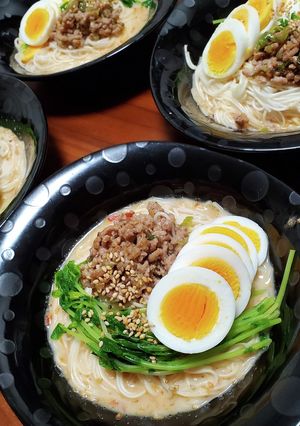 冷製担々素麺-レシピのメイン写真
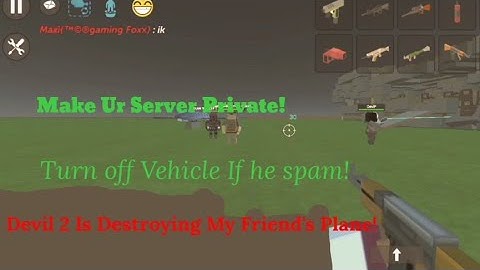 EMERGENCY VIDEO OF DEVIL 2!!!! ( Simple Sandbox 2 )  { Emergency Video }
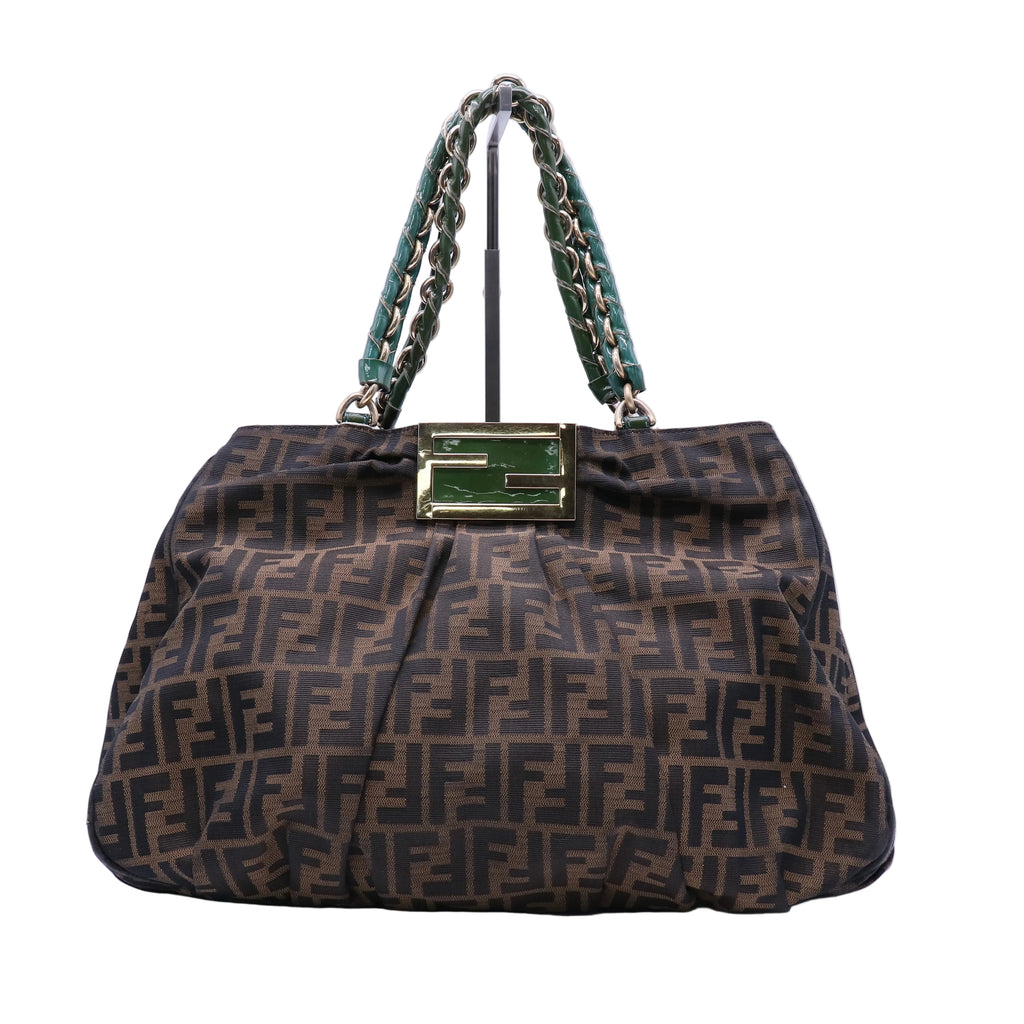 Mia Tote Zucca Canvas Large Twins B21969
_ _ _ _ _
AIM OF THE EXERCISE => All lines from the line with "EMERGENCY VIDEO OF" through the final line of the listing are to be printed exactly, both ends included; the pictures are not.

WRITTEN REPLY =>
 EMERGENCY VIDEO OF DEVIL 2!!!! ( Simple Sandbox 2 )  { Emergency Video }
 Mia Tote Zucca Canvas Large Twins B21969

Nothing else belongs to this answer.